Sólo así la clase obrera puede tornarse clase hegemónica. La posibilidad de una alianza social capaz de actuar frente a la emergencia de una crisis mayor, dando una salida a favor de los intereses de las masas pobres y explotadas, depende de la articulación objetiva y subjetiva que pueda darle el movimiento obrero.

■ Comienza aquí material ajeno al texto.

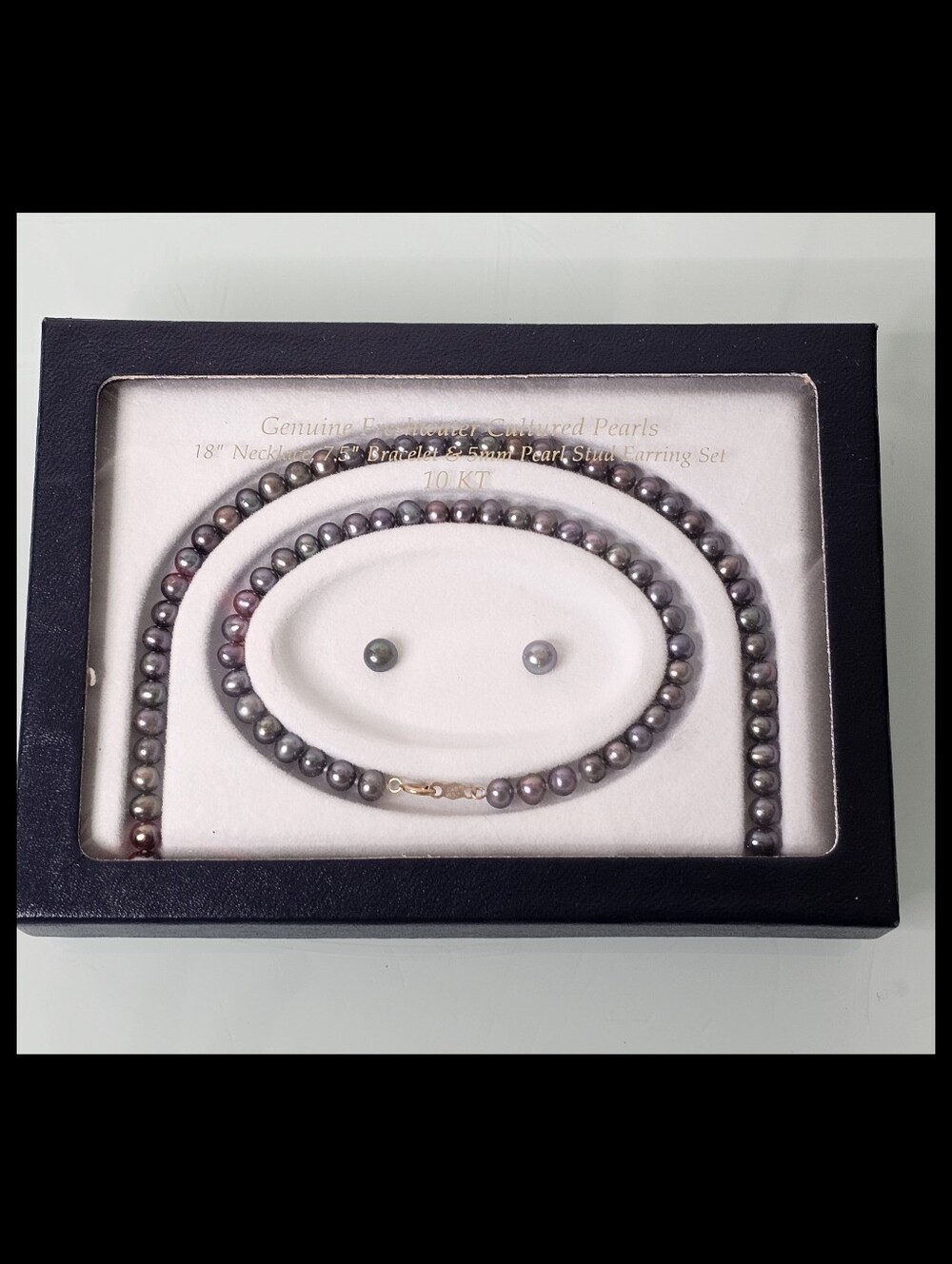 JCM 10K Yellow Gold Genuine Peacock Freshwater Cultured Pearl 3-Piece Set NWT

La actuación de la izquierda y la misma existencia del FIT pueden ser un eslabón central en esa tarea, a condición de proponerse conquistar un poder real de clase que pueda golpear sobre los poderes reales del capital. Sin partir de esta cuestión, las discusiones acerca de la “continuidad” o la “ruptura” del FIT por la agenda parlamentaria pierden cualquier tipo de valoración estratégica. La presión constante a la “unidad” de las fuerzas del FIT, a “cuidarlo”, se hace en función de una agenda táctica parlamentaria, separada de este problema estratégico.
Si en la época imperialista, “época de profundas y bruscas oscilaciones, de cambios frecuentes y brutales” (Trotsky), la táctica se subordina a la estrategia, entonces las ásperas disputas (PO) alrededor de la conformación de un interbloque, carecen de toda perspectiva estratégica. Por el contrario, la brusquedad de los cambios políticos, impone la necesidad (urgente) de dar pasos en la discusión sobre cómo construir un fuerte partido revolucionario de la clase trabajadora a partir de las victorias parciales que implican la conquista de disputados nacionales o provinciales. 

Sindicalismo y pacifismo

A tono con lo anteriormente señalado, un peligro se cierne sobre la izquierda: extender el ciclo vital de la década kirchnerista, década que fue relativamente pobre desde el punto de vista de las convulsiones sociales. El catastrofismo en el análisis y el pacifismo en la perspectiva política general pueden ir de la mano perfectamente. Pero el fin de ciclo es el origen de los giros bruscos y la garantía de la continuidad de éstos. Ese es el escenario que hay que vislumbrar, no el de la simple “política parlamentaria”.
En ese sentido, la negativa de delimitarse tajantemente de los motines de las fuerzas represivas (o incluso a brindarles apoyo como llegó a hacer IS) implica dejar de lado la preparación estratégica para enfrentar a las fuerzas represivas. Cualquier definición que no le indique, claramente, a la clase trabajadora que el conjunto del aparato policial es su enemigo, oculta que su disolución sólo vendrá producto del enfrentamiento agudo entre las masas en lucha y las fuerzas represivas. La experiencia histórica demuestra que sólo así puede quebrarse, de manera abierta, la “cadena de mando”, cuando las masas demuestran estar dispuestas a entregar “hasta la última gota de su sangre” (Trotsky).
El fetichismo de la lucha sindical -lo que hemos visto en estos días por gran parte de la izquierda- igualando el reclamo salarial de la policía con el reclamo del resto de los trabajadores, alienta un pacifismo abierto, donde la perspectiva de choques con las fuerzas represivas desaparece. El sindicalismo extremo (que sólo ve condiciones económicas y no problemas políticos) anula la perspectiva de la organización consciente de la clase trabajadora para su autodefensa.
A 12 años de la Jornadas revolucionarias que tiraron a De la Rúa la necesidad de volver una y otra vez a las discusiones de estrategia sigue planteada. La "venganza de Juan B. Justo" (ver acá) no dejar de acechar.